The acquired wind generation facilities are located, according to NextEra Energy CEO Jim Robo, to strong markets in the U.S. with long-term renewables demand. (Source: Shutterstock.com)
NextEra Energy Partners LP is growing its renewable energy portfolio with the acquisition of wind assets in California and New Hampshire with Brookfield Renewable announced April 19.
Headquartered in Juno Beach, Fla., NextEra Energy Partners owns interests in wind and solar projects throughout the U.S. plus natural gas infrastructure assets in Texas and Pennsylvania. NextEra Energy Inc., its parent company and the world’s largest producer of wind and solar energy, has said it would invest more in renewable power generation, according to a Reuters report.
In a company release on April 19, NextEra Energy Partners said it had entered into a definitive agreement to acquire the portfolio comprised of four operating wind assets facilities in the U.S., totaling 391 megawatt (MW), from Brookfield for $733 million.
Almost all of the acquired portfolio’s capacity is contracted with investment-grade counterparties and a cash available for distribution (CAFD)-weighted remaining contract life of approximately 13 years at the time of closing.
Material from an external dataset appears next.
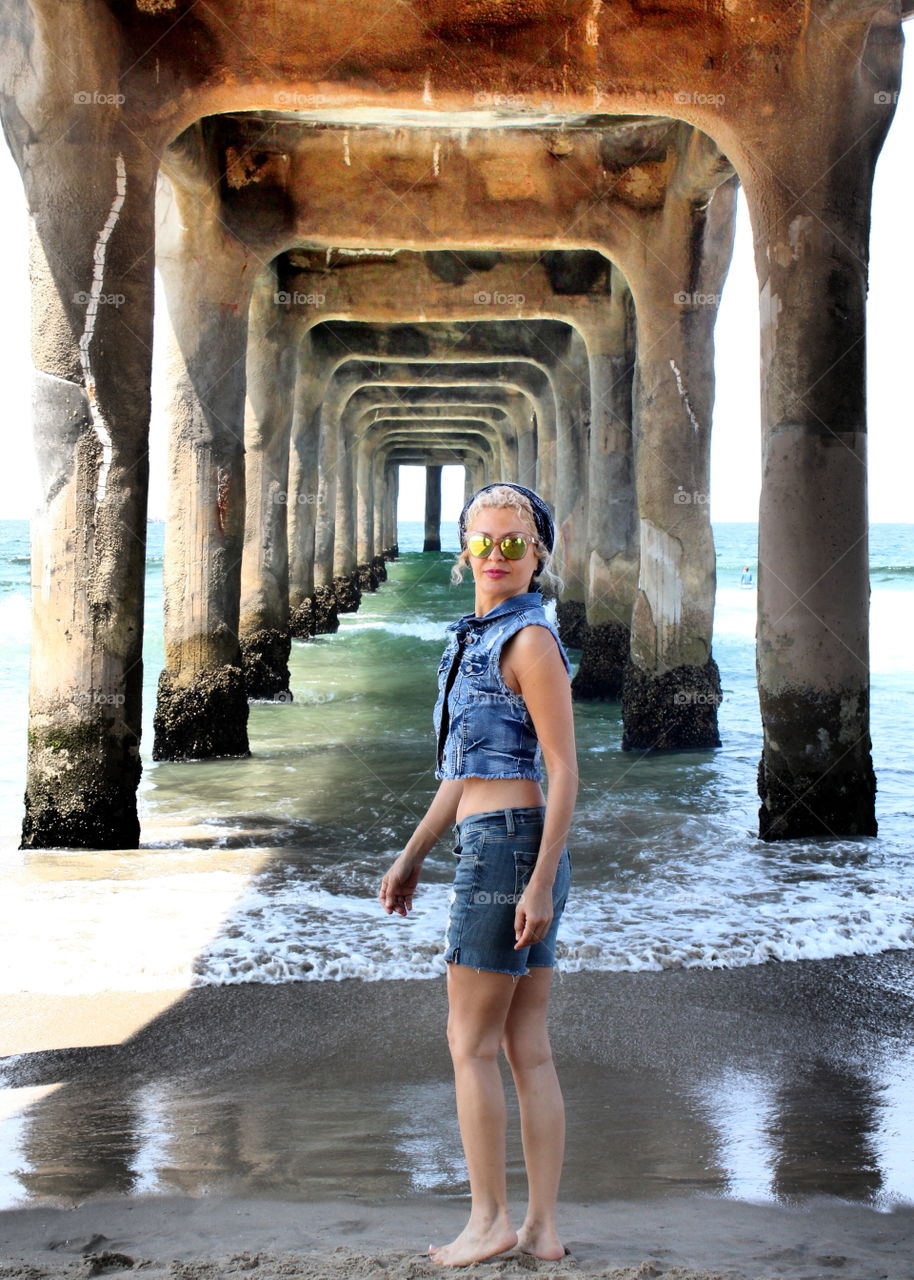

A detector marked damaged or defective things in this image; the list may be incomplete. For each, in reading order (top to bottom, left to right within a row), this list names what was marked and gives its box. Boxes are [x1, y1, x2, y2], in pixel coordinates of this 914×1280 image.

peeling paint on column [77, 152, 125, 501]
peeling paint on column [665, 360, 701, 435]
Additionally, the assets are located, according to NextEra CEO Jim Robo, to strong markets with long-term renewables demand.
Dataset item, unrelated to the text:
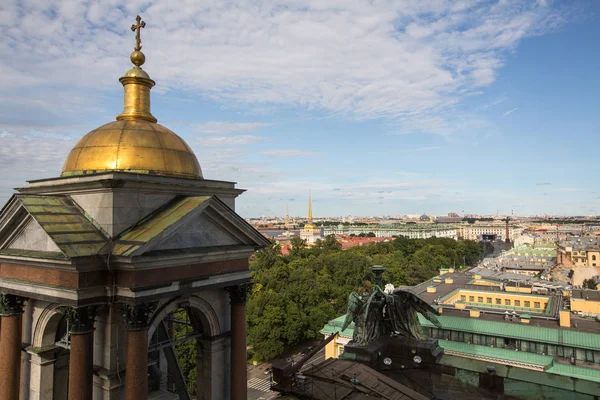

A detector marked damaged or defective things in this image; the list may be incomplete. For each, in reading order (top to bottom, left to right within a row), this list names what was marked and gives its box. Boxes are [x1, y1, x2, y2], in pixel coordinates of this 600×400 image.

rusty metal roof [17, 195, 107, 258]
rusty metal roof [112, 196, 211, 256]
The acquired wind generation facilities include:
- Alta Wind VIII, 150-MW wind generating facility in California;
- Windstar,120-MW wind generating facility in California;
- Coram, 22-MW wind generating facility in California; and
- Granite, 99-MW wind generating facility in New Hampshire.
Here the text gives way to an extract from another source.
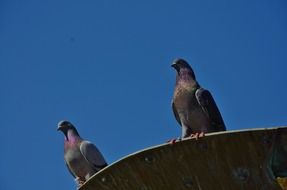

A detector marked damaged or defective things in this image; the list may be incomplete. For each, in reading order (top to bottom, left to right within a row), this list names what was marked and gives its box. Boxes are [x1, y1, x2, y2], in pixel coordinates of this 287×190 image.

rusty metal surface [79, 126, 287, 190]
“The transaction also provides an accretive investment opportunity to deploy the proceeds from the second draw of our 2020 convertible equity portfolio financing,” Robo said in a statement on April 19, “illustrating NextEra Energy Partners’ ability to leverage its value-enhancing financing structures to support long-term growth.”
Robo continued in his statement that the company remains on a trajectory to grow LP distributions per unit by 12% to 15% through 2024.
“In our view, the partnership has never been better positioned to deliver unitholder value going forward,” he added.
NextEra Energy Partners plans to fund the transaction with a combination of undrawn funds remaining from the 2020 convertible equity portfolio financing and existing debt capacity. The acquired assets are expected to contribute adjusted EBITDA and CAFD of approximately $63 to $70 million, each on a five-year average run-rate basis, beginning Dec. 31, 2021.
Analysts with Tudor, Pickering, Holt & Co. (TPH) believe the acquisition provides potential for additional growth avenue alongside dropdowns to its affiliate NextEra Energy Resources LLC.
“No change to our view of NEP [NextEra Energy Partners] as a core holding in the renewables space, as third-party acquisitions offer an additional avenue to pursue growth alongside a steady flow of expected dropdowns from NEER’s [NextEra Energy Resources] best-in-class portfolio of operating and development assets,” the TPH analysts wrote in a April 20 research note.
On April 19, NextEra Energy Partners said it expects now expects an EBITDA by year-end 2021 at the upper end of its earlier forecast of $1.44 billion to $1.62 billion and CAFD also at the upper end of its previous range of $600 million to $680 million.
NextEra Energy Partners expects to complete the acquisition with Brookfield in third-quarter 2021. Citi is sole financial adviser to NextEra Energy Partners for the transaction, and Pillsbury Winthrop Shaw Pittman LLP is providing the company legal counsel.